2016 Cadillac Will Use Ultracapacitors to Augment Batteries in Start-Stop Systems
In the wake of being able to provide vehicles that produce a better fuel economy, engine start-stop systems are becoming the standard, implemented by more and more car manufacturers as fuel economy research continues. And, of course, Cadillac is no exception. However, in the face of a changing market, Cadillac is doing things a little bit differently, so to speak.
That is to say, Cadillac, alongside partners Maxwell Technologies, has developed a new start-stop system for their vehicles that augments battery power with ultracapacitors. This new system will be GM’s standard on their 2016 Cadillac ATS and CTS models (minus the ATS-V and STS-V performance vehicles).

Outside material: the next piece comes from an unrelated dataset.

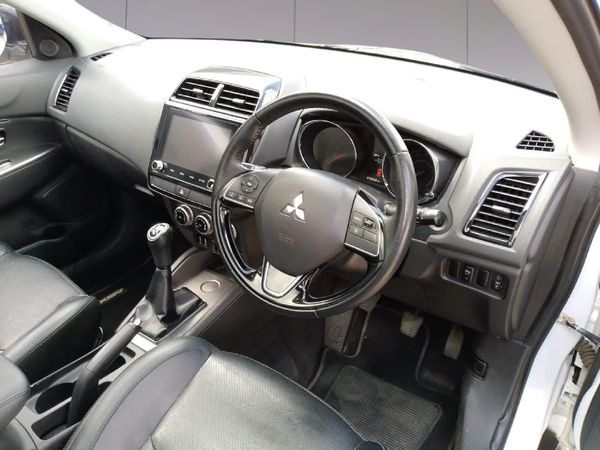 2023-Mitsubishi-ASX-20 image:12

Normally a ton lighter than batteries, ultracapacitors produce quick and assured burst of power for a brief period of time when the vehicle’s engine is turned off. Maxwell claims that adding such a thing to any start-stop system is a step in the right direction, seeing as such a thing can help stabilize the flow of electricity and also reduce high currents and repeated cycling, which, of course, can significantly shorten the battery life of any vehicle.
Maxwell explains that, in a start-stop system, the internal combustion engine is shut off when the driver stops “and the engine is seamlessly restarted when the driver accelerates, which lowers emissions and improves fuel economy.” They continue, stating, “The voltage stabilization electronic control results in a smooth start, reduced engine vibration, and a superior driving experience.
General Motors showing interest in such a system is very much the latest example of the bigger trend that involves automakers showing an increased amount of interest in start-stop systems that are far more well rounded in order to improve fuel economy. There is also considerable—and well-founded—speculation that an investment in such a technology could also produce a new type of mid-hybrid powertrain that could be applied to future models. At the very least, however, such a thing points to the future of the auto industry. “GM’s selection of Continental’s Maxwell-powered VSS is a further affirmation of our ultracapacitor capability for varying applications as the automotive industry continues down its path of vehicle electrification,” said Franz Fink, Maxwell CEO.
And, too, not only is such an investment a saving when it comes to fuel economy, but it is simply an affordable option altogether. “Automotive manufacturers around the world are seeking new ways to improve the performance of their cars while satisfying consumer demands for fuel efficiency,” says Jon Buckles, program manager for hybrid electric vehicles at Continental. “Continental’s voltage stabilization system uses Maxwell’s ultracapacitors as an affordable option for automakers to create a more positive driving experience for customers.”